A página Org com nome de Museu do índio da qual desconhecemos origem, vem sido mostrada por algumas pessoas nas redes sociais para equipe da Yandê. Nela uma coletânea de textos, imagens desenhos que não ajudam na quebra de estereótipos sobre os povos originários e suas culturas. Depois de listas muito interessantes de idéias equivocadas sobre indígenas feitas por diferentes sites, infelizmente a gente ainda acha certas pérolas na internet que nada contribuem. Por isso existe um constante posicionamento de escritores indígenas desmitificando as culturas originárias na literatura e redes sociais.
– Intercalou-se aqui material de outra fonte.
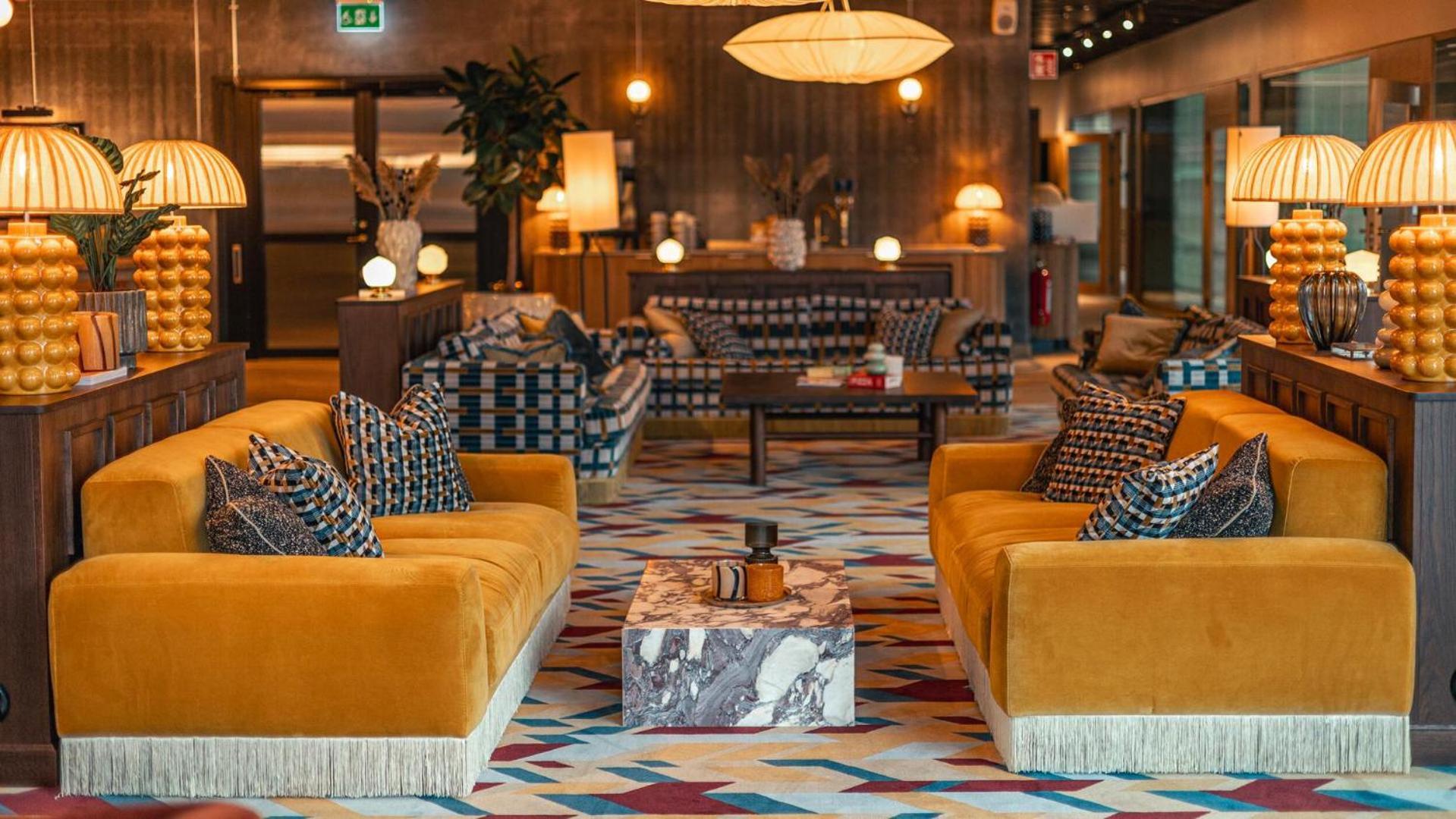 Jacyz Hotel Gothenburg Exterior photo The lounge at the airport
Também é muito comum observamos mesas ou debates sobre necessidade de descolonialidade do pensar sobre indígenas pela ótica dos colonizadores em que buscamos a presença indígena mas as vezes apenas está nos bastidores, pois colonizadores continuam fazendo o que sempre fizeram que é colonizar, ditar e não oferecer lugar de fala na perspectiva de todos envolvidos na trama colonial.

Escutamos palmas constantes aos que fazem uma recolonização por meio do espaço acadêmico. Cada vez mais indígenas conquistam espaços e precisam estar preparados para uma tentativa de recolonização, nem sempre intencional mas que faz parte do jeito de ser de muito pensador karai.

*Renata é da etnia Tupinambá, jornalista e roteirista. Trabalha com a comunicação voltada para etnomídias, descolonização dos meios de comunicação e fortalecimento das narrativas indígenas.